最後が、「心情→行動→結果に着目」することです。人のマネジメントでもマーケティングでもすごく意識していることなのですが、結果の裏には必ず人の行動があり、その行動の背景には心情があります。仕事をする上で、ここが捉えらているか否かはは比較的に差ができるところかなと思っており、Web取り引きが多いDMMのサービスにとっては、特に想像しにくい部分。この仮説と検証とどう実務に落とせるかが重要と思っています。
コンバージョンレートが悪い、CPAが高いといった数字で一喜一憂してしまうこともあると思います。でも重要なのは、どういうターゲットがどういう行動をした結果なのか、そしてなぜそのターゲットがその行動を取ったのかという心情の部分です。
どんな方がプロダクトマーケティング部に向いていると思いますか?
石井:1つは、チームで物事を推進できる方です。事業メンバー、マーケティング決裁責任者、マーケティングの各メンバーなどステークホルダーは多岐に渡ります。プロダクトマーケティング部のメンバーは、彼らと緊密に連携しながら情報を共有し、最適な実行体制を構築できなければなりません。
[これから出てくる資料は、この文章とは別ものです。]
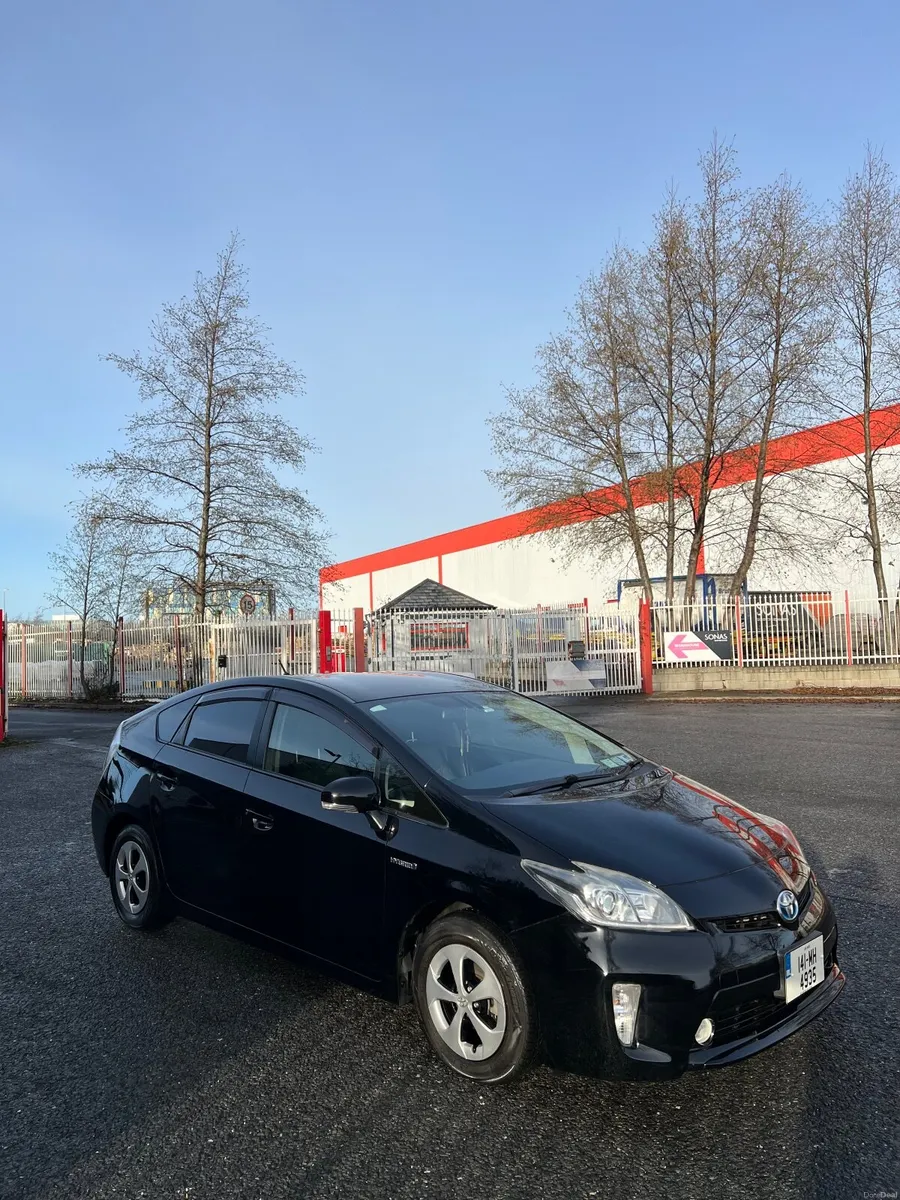 Toyota Prius 2014 - Image 1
もう1つは、創造性と改善志向を持った方です。常に新しいアイデアや手法を追求すると同時に、既存のプロセスや戦略に対して疑問を持てるかどうか。単に疑問を持つだけでなく、数値やデータに基づいた客観的な洞察も必要です。難易度は高いですが、ここができるかできないかで、もう1ステップ上がれるかどうかが決まると思います。
プロダクトマーケティング部のマネージャーとして、石井さんが掲げている目標を教えてください。
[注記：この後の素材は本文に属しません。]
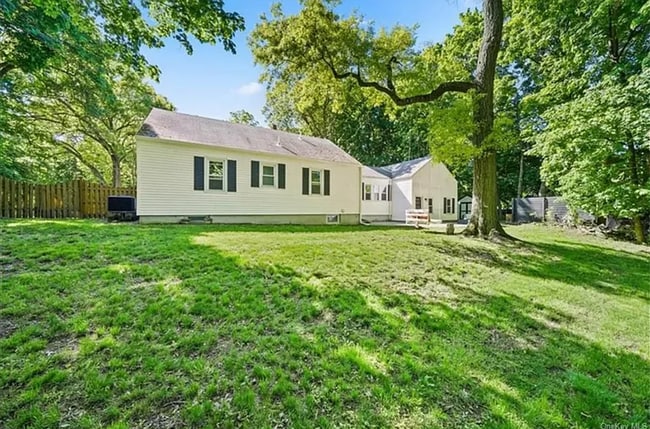 Building Photo - For Rent in Beacon, NY – Spacious 3BR/2BA ... Rental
石井:ひとりでも多くのマーケティング決裁責任者を輩出することです。プロダクトマーケティング部で働くメンバーは、マーケティングを一気通貫で見たいと考えている人間が多いです。こうした幅広い経験を積んだマーケターのわかりやすいゴールが、マーケティング決裁責任者だと思います。
そのゴールに到達するには、どのような教育が最適で、どういった配置をするべきなのか。マネージャーとしてこれからも深く考え、目標に向かってメンバーを導いていきたいです。